Ammonite

it's like Ingmar Bergman died for somebody's sins, but not mine
dir: Francis Lee
2020
Ammonite. It’s a fossil.
Why is this film called Ammonite? Because one of the characters was famous for the fossils she discovered, back when women in England weren’t allowed to vote, own stuff or count numbers out loud for fear of shriveling up all the gentlemen’s dicks with their fancy book learnin’.
Mary Anning found a bunch of sea monster fossils at a place called Lyme Regis, from the age of 11 onwards, and was quite adept and skilled when it came to finding, excavating and drawing them. She accumulated a lot of knowledge, but she couldn’t be allowed to join the Royal Society of Geologists or even call herself a science type person because, obviously no testicles means not scientist.

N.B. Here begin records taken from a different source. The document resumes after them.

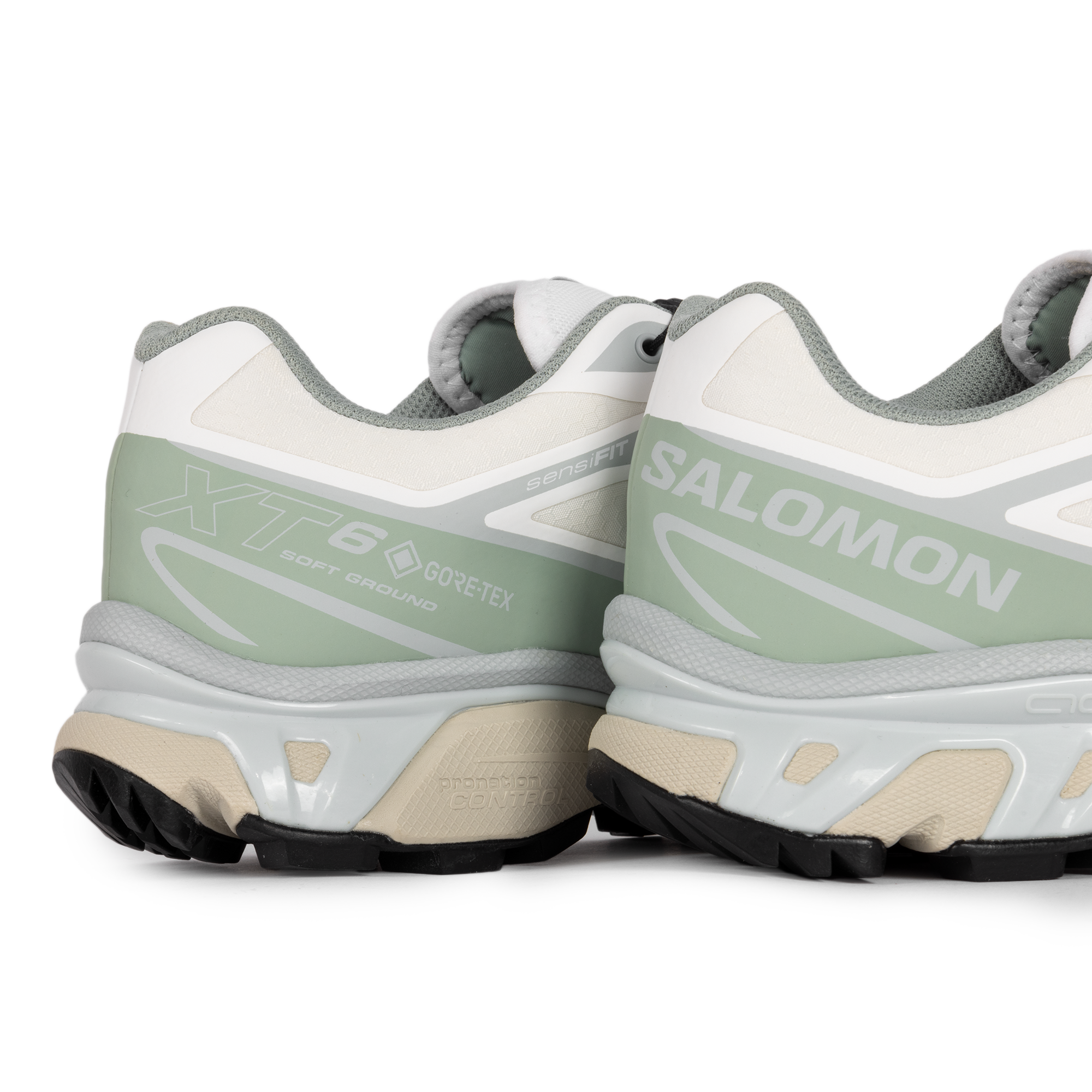Salomon XT-6 GORE-TEX White/Green Milieu/Ice Flow L47990000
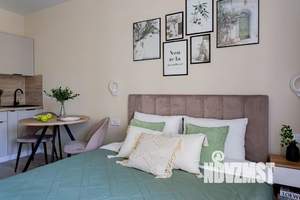 1-к квартира, посуточно, 28м2, 8/12 этаж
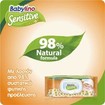 Babylino Πακέτο Προσφοράς Sensitive Cotton with Chamomile Απαλά Υποαλλεργικά Μωρομάντηλα με Χαμομήλι 486 τεμάχια Babylino Πακέτο Προσφοράς Sensitive Cotton with Chamomile Απαλά Υποαλλεργικά Μωρομάντηλα με Χαμομήλι 486 τεμάχια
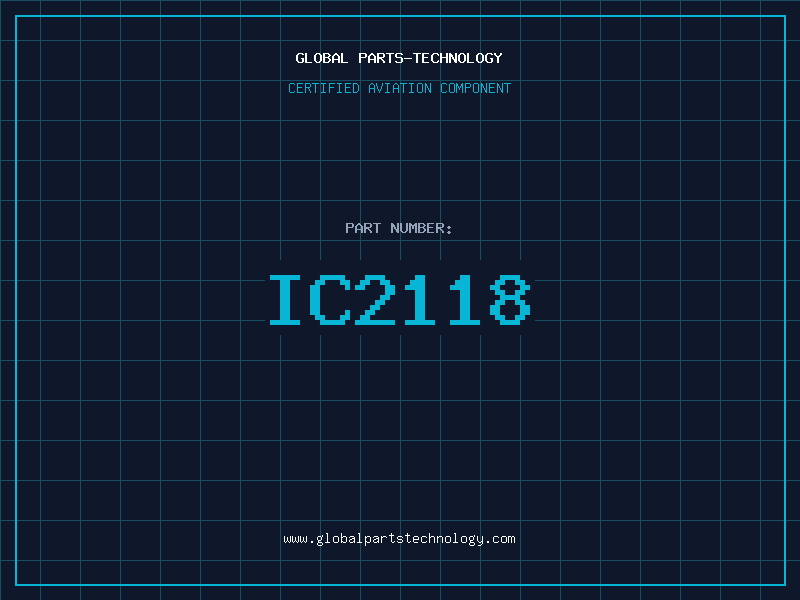 Aviation Part IC2118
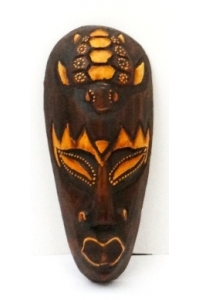 Obrázok pre Drevená maska 20cm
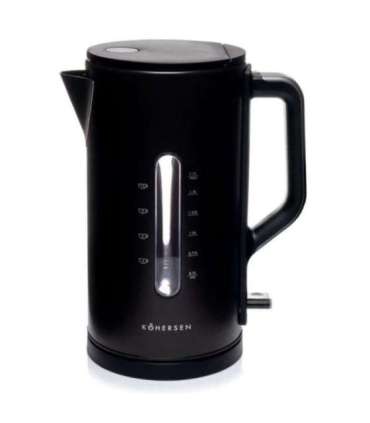 Kohersen Modern Matt electric kettle A451 black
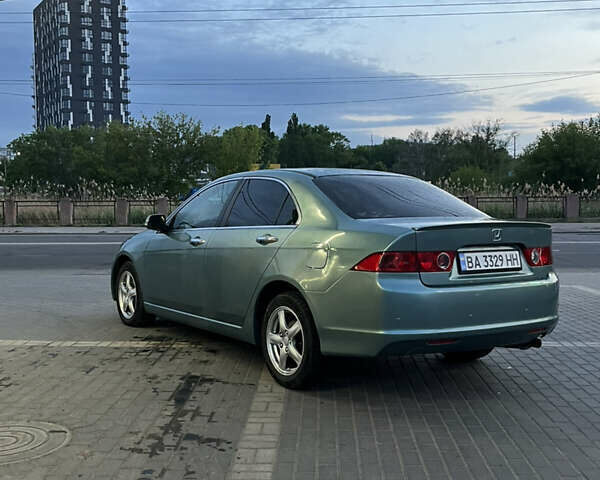 Зеленый Хонда Аккорд, объемом двигателя 2 л и пробегом 281 тыс. км за 5700 $, фото 8 на Automoto.ua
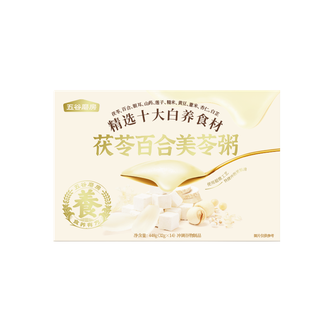 五谷磨房   茯苓百合美苓粥448g（32g×14条）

But she found and excavated what would be called ichthyosaurs, pteranadons and plesiosaurs and stacks of other fossils, including ammonites, those spiral shells so synonymous with limestone, and she was good at it. Few people start an entire branch of science, but she was surely one of the progenitors of modern paleontology (if that isn’t oxymoronic language, and I think it probably is). This is the rare instance where I knew something about the person a movie is about (this is not a biopic, not really), but, like most British figures from history, I knew about her because of an episode of Horrible Histories which I watched with my daughter years ago. I thought it was a pretty fascinating story about a pretty dauntless, accomplished person, who barely got credit in her lifetime for her work or achievements.
Ammonite is a story about Mary Anning and her relationship with the world, not so much about her achievements. The film conjectures that Mary’s experiences in life, being one of the only surviving children of a family of ten, where most died soon after birth, and living with the grimmest ghoul of a mother (Gemma Jones) in a place that looks utterly soul-draining, had an impact. She, herself, is fossil-like, stone cold, living only to please her desolate, dour mother and find more fossils for sale. It’s their only source of income, and, amazingly, fossils don’t go for much, because there isn’t much of a market.
As portrayed in the film, a dilettante, a prancing smug poser of a jerk called Roderick Murchison (James McArdle) walks into her shop and fawns over her and her discoveries. She, being Mary Anning (the always great Kate Winslet), listens to his prattle with unconcealed disinterest. She does like to make a sale, though.